TO DO: Write out the listing from the line with "Northampton Boro" to the line with "卡姿兰粉饼控油定妆持久防汗干粉散粉吸油补妆不脱妆正品大牌官方", both lines included, exactly and nothing beyond. Leave pictures out.
*** Opening ENTRIES PROVIDED ***
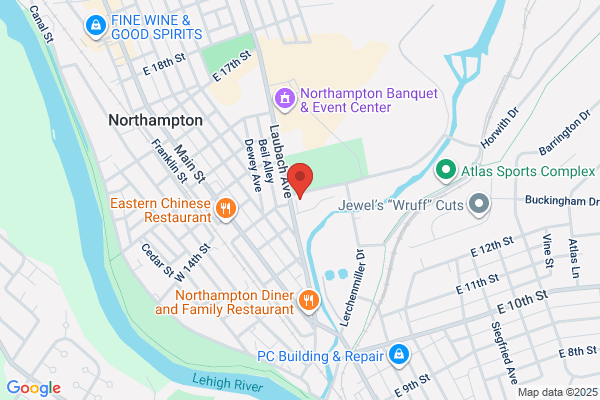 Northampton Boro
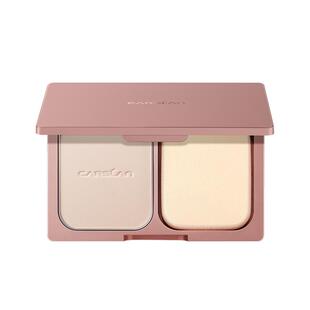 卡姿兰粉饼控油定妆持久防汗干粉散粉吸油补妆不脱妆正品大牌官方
*** Closing ENTRIES PROVIDED ***
*** Opening ENTRIES PROVIDED ***
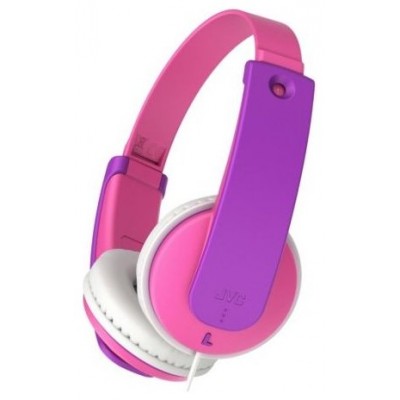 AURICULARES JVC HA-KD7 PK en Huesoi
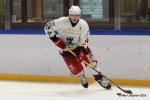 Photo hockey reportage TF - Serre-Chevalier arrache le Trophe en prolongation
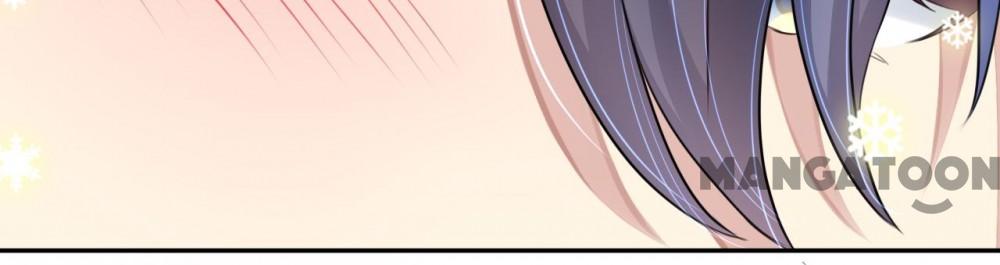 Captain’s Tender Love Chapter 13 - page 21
*** Closing ENTRIES PROVIDED ***
ANSWER TO THIS EXERCISE:
 Northampton Boro
 卡姿兰粉饼控油定妆持久防汗干粉散粉吸油补妆不脱妆正品大牌官方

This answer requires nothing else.